Trecho de There are more things

Ao ver o doodle do Google comemorando o 112º aniversário do escritor argentino, talvez o maior de todos, me ocorreram duas coisas (ou talvez três): que o 112 não é exatamente algo a se comemorar, apesar que arte é realmente bonita apesar que nunca imaginei o mundo de Borges como algo colorido à la Asterios Polyp; que também há algum tempo ignoro Borges, não no sentido de que nunca o li, mas no sentido que conforme ele mesmo escreve “aprender é recordar, ignorar é de fato ter esquecido”. (Noite dos dons, Livro de Areia), que segundo ele é uma citação de Bacon, mas como nunca li Bacon para mim é um citação de Borges, citando Bacon e nós acreditamos em Borges (que perigo!). Enfim, o fato é que o escritor argentino é um dos escritores do meu coração, e o fato de tê-lo esquecido nesse meio tempo é motivada por razões irônicas, pois ele só escreveu ficção por meio de contos e eu esqueço muito rapidamente de contos. Mas nessas situações, você vê uma dupla ironia, pois o fato de esquecer sempre me faz voltar aos meus livros de contos preferidos e relê-los como quem degusta um novo sabor.

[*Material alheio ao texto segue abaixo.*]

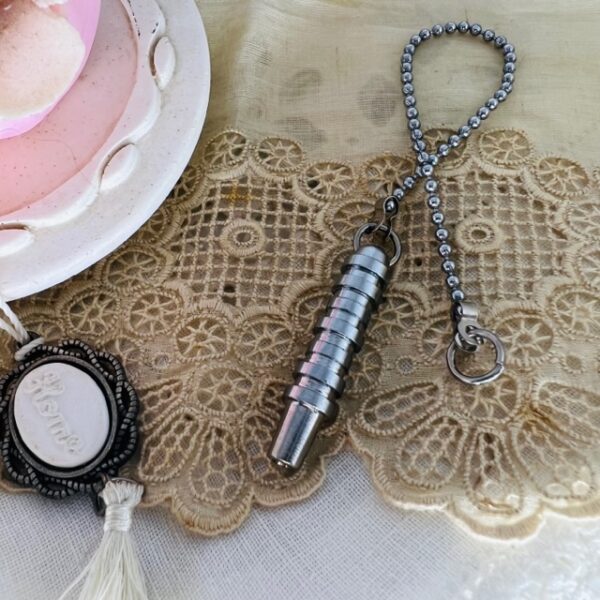 Pendule des bâtisseur s en laiton chromé - petit model 3.7cm - Boutique La Porte des Secrets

Então voltar a Histórias Extraordinárias, Boca do Inferno, Contos de Aprendiz, Histórias Abensonhadas e meu querido Aleph são tarefas  recorrentes.

Sendo assim esse 24 de Agosto me dá o prazer de degustar e recordar/aprender Jorge Luís Borges novamente …
Jorge-doodle
E esse sou eu sentado na mesma cama que agora estou parando de escrever sobre Borges e abortando a ideia, ao perceber não só como é difícil a tarefa, como também Jorge Luís Borges me assusta muito para escrever qualquer coisa sobre. Logicamente há contos que são resumidos como a Noite dos dons, em que o narrador vai experimentar tanto à beleza do amor como o medo da morte, mas em sua grande maioria os contos de Borges são labirintos em que não dá para resumir, muito menos para se achar o começo e o fim em algumas de suas alegorias. Borges é uma leitura que mais que tudo, deve ser sentida e se há uma resumo de algo, é sensação de estranhamento que o texto deixa para trás e para frente, assim como o personagem se sente impossível de descrever o que vê no excerto. Esse é Jorge Luís Borges.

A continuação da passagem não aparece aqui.